Ainda não era quando, em 1974, em Portugal estalou o 25 de Abril, símbolo da nossa actual democracia. Há, contudo, uma afectividade ardente em mim por este acontecimento, como deverá existir em todos para quem a Humanidade só pode ser tecida pelos frágeis fios da Liberdade. O impulso primeiro para coroar esta data foi seleccionar uma música ou um poema que nos lembrasse a data, para que não nos esqueçamos, como se a liberdade não fosse uma obrigação quotidiana de cada um de nós, enquanto humanos.
Perdoem-me, pois, todos os grandes homens e mulheres que lutaram por mim, do poeta ao político, do pé-descalço ao padre, do preso político ao ladrão que roubou para comer, mesmo antes de eu ser. Perdoem-me, os que lêem, não cair na paixão de combustão rápida, que se extingue em si mesma, de dar “urras” e “vivas” pelo acontecimento “25 de Abril de 74”, como uma obrigação de agenda, ainda que esteja imensamente grata pelo mundo que criou, espaço onde nasci livre e me posso reinventar a cada dia.

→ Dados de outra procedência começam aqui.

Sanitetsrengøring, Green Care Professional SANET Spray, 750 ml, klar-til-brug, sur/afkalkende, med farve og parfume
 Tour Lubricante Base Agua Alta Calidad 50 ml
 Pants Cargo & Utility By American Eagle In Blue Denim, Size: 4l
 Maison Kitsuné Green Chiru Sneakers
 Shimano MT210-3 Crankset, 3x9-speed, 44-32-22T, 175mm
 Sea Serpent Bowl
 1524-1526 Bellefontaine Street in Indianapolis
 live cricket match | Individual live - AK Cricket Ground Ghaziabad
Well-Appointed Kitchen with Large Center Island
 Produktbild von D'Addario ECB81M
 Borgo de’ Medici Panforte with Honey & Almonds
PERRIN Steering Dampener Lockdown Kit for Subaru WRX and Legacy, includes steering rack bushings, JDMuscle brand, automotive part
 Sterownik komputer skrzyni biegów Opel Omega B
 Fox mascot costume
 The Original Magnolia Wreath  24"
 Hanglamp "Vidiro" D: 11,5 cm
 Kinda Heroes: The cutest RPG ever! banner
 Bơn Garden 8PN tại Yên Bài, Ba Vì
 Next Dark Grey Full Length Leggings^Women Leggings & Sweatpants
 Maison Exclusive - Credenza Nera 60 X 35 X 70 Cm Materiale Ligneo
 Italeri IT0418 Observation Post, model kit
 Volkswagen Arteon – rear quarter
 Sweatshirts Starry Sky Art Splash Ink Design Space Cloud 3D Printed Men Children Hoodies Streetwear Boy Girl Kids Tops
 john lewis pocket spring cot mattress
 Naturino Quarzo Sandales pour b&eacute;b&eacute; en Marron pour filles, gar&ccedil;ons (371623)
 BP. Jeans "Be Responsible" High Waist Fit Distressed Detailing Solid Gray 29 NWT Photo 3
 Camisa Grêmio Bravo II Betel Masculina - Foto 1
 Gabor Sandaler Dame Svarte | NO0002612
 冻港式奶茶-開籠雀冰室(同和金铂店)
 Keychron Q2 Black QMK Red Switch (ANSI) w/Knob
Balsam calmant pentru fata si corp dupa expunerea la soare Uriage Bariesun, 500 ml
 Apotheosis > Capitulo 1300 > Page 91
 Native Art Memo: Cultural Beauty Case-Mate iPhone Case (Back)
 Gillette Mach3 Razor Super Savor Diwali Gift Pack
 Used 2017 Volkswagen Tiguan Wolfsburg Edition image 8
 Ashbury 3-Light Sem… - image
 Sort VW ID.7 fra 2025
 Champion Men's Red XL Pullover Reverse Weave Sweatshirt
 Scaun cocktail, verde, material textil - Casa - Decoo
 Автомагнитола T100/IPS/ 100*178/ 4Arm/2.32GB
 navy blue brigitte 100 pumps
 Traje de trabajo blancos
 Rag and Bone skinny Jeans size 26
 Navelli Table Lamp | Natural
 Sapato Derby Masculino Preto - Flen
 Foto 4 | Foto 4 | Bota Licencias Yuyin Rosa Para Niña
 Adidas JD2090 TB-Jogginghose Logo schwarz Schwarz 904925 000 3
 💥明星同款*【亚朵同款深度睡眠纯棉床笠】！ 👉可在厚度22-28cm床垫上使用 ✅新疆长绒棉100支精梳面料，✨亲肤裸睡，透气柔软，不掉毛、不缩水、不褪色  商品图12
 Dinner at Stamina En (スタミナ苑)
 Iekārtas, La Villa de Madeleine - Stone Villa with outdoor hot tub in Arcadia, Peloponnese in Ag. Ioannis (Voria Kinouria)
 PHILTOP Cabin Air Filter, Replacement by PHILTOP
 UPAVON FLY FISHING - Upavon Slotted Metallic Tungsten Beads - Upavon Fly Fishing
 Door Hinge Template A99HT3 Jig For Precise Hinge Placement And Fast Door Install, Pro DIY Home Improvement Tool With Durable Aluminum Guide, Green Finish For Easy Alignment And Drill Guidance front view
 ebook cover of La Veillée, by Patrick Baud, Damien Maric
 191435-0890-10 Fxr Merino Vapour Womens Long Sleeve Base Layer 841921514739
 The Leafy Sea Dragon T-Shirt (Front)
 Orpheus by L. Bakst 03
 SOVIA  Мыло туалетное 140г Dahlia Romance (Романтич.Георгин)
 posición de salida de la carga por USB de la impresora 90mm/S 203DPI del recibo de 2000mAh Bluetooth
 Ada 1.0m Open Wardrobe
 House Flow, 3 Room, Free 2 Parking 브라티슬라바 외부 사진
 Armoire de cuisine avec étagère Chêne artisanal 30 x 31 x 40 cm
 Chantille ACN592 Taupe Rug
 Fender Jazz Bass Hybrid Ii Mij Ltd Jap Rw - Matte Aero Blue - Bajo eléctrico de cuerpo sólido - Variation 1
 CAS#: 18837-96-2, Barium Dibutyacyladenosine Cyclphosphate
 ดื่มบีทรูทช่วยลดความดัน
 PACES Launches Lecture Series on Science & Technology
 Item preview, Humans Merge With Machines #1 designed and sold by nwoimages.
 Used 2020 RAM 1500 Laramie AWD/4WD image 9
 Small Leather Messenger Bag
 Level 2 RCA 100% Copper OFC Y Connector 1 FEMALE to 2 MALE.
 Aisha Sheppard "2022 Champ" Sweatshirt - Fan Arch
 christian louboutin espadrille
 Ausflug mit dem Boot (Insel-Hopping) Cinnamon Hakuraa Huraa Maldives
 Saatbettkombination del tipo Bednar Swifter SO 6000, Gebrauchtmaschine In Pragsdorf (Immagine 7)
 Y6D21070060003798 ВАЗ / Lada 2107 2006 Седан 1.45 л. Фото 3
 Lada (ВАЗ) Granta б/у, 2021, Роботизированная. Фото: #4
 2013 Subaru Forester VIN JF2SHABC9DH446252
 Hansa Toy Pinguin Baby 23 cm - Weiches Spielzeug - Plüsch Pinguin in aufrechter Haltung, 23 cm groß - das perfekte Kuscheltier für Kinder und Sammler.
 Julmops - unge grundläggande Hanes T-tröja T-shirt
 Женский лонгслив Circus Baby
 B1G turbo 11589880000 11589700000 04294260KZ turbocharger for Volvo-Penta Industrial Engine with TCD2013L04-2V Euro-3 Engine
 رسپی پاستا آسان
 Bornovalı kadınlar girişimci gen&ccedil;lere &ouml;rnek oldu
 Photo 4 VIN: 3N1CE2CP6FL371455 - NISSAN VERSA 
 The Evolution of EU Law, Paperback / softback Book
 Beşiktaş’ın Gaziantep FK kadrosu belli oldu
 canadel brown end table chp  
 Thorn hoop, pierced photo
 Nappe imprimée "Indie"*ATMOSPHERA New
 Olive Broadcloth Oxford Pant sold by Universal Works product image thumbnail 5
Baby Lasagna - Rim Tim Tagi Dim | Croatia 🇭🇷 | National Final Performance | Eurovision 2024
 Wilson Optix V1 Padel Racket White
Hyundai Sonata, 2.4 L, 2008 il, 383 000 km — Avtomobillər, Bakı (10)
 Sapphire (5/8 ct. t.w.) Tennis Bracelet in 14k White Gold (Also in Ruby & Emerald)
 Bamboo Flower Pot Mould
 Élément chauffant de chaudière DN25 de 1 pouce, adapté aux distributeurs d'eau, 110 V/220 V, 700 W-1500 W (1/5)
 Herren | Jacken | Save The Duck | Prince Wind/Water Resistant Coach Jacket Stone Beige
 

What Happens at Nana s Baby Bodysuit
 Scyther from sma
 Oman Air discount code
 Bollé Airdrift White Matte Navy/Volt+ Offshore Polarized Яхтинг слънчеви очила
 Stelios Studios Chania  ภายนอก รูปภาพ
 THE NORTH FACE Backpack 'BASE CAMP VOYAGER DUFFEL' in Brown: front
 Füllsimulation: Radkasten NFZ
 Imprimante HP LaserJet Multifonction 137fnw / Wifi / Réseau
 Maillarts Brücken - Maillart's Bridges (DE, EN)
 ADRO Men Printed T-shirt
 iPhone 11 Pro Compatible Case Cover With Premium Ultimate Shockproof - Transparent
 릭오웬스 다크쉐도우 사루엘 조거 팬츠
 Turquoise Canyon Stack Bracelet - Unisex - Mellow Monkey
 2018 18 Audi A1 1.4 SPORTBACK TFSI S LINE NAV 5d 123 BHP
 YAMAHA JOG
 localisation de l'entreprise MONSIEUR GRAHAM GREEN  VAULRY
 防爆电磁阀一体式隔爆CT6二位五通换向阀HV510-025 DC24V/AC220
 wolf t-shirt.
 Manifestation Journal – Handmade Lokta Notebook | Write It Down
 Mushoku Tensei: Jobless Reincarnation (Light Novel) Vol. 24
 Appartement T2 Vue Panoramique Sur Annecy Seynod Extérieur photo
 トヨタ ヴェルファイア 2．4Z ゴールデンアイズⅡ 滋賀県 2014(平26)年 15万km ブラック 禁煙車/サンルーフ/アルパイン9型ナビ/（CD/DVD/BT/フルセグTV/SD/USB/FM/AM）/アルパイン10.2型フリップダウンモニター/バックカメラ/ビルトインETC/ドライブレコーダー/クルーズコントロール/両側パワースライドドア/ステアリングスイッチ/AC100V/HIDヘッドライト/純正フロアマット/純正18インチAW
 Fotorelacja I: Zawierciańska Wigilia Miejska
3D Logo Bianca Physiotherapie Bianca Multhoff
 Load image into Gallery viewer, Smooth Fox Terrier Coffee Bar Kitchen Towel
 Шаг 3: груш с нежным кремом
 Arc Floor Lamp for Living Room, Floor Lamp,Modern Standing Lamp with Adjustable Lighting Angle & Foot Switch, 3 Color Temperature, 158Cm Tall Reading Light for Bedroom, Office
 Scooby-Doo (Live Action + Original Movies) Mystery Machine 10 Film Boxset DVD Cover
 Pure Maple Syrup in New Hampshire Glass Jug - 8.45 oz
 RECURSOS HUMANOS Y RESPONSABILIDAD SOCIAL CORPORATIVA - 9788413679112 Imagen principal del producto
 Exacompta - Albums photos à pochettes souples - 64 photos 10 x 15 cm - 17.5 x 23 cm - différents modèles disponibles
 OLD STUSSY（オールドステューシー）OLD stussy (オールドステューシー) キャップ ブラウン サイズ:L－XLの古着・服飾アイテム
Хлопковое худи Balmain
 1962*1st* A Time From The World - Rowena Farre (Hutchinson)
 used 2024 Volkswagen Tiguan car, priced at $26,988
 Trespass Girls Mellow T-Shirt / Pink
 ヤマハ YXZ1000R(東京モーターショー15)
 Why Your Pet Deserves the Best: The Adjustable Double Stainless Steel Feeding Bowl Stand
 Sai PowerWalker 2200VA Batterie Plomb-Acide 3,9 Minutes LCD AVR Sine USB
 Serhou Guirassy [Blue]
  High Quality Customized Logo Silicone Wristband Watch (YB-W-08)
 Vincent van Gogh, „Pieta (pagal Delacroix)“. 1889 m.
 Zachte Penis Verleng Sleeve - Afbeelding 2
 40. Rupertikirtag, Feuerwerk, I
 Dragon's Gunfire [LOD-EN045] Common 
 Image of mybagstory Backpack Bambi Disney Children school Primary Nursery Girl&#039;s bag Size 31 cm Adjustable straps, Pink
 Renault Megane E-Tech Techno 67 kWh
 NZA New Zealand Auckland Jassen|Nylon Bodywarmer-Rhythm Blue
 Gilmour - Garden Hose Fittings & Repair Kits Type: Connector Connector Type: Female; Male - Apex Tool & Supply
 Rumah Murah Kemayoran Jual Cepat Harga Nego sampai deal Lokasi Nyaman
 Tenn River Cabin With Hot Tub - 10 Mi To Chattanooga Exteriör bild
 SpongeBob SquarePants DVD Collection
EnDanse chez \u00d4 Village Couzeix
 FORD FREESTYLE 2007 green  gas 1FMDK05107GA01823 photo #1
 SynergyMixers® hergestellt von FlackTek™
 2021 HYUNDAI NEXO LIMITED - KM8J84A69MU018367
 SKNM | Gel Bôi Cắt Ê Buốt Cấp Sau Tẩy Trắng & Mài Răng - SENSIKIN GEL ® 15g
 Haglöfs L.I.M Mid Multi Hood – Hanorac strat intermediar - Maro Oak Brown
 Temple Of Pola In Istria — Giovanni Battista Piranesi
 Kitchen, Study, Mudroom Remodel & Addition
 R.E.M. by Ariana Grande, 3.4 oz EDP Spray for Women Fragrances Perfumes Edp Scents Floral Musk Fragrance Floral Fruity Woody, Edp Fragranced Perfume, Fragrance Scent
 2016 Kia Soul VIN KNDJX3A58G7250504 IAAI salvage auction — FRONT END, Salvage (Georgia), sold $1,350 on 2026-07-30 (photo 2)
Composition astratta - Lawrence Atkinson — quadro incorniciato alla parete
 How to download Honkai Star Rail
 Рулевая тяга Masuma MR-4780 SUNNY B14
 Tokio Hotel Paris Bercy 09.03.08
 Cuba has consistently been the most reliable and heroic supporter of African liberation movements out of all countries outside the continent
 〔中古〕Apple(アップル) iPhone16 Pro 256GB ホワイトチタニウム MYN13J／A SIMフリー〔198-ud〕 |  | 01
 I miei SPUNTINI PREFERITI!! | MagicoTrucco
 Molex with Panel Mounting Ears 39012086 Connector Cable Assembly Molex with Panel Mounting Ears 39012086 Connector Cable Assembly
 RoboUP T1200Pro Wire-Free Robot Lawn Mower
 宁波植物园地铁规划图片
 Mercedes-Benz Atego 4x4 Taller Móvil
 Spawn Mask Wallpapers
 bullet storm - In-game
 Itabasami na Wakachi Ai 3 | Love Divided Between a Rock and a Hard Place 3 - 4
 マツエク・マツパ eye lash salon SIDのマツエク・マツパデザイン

O legado, a herança da liberdade, da obrigação desta, não é aplaudir as conquistas pela Liberdade, suspendendo o mundo, assistindo de bancada; o nosso papel de herdeiros é aumentar esse grau de liberdade, inscrevendo-nos no mundo, optando em liberdade aumentando com isso a liberdade dos outros. Infelizmente, morto o papão da ditadura, houve para muitos a necessidade de encontrar outro amo, mesmo que em nome da liberdade. É mais fácil ser escravo, menos autêntico, menos humano, mas mais seguro, responsabilizando os outros (os pais, a escola, a política, a sociedade, o “sistema”, a crise, etc) pelo que está mal ou seguir a falsa segurança dada pelos outros que temos por ídolos seguindo-os cegamente. Ser livre nunca é reacção nem passividade, mas sempre opção: possibilidade que nos é oferecida a cada instante. E optar, em liberdade, é sempre, e perdoem-me o aparente cliché, responsabilidade. Ser livre custa, exige exposição, insegurança, coragem, feridas expostas, fragilidade, assumir erros, não ter medo de viver debaixo da tempestade sem o guarda-chuva de respostas absolutas . Ser livre é sermos, também, responsáveis pela liberdade nos outros, não perseguindo, não impondo, não nos tornando senhores. Ser livre é pensar e agir em coerência interna e não por imposição externa, mesmo que com isso se perca um bom emprego ou aplausos que nos mimam o ego e dão estatuto. Ser livre é ser-se autêntico e promover a autenticidade nos outros. Ser livre é olhar de frente para nós, nus, frágeis, e ver em nós todas as vítimas e todos os carrascos do mundo, porque a existência de ambos é responsabilidade nossa.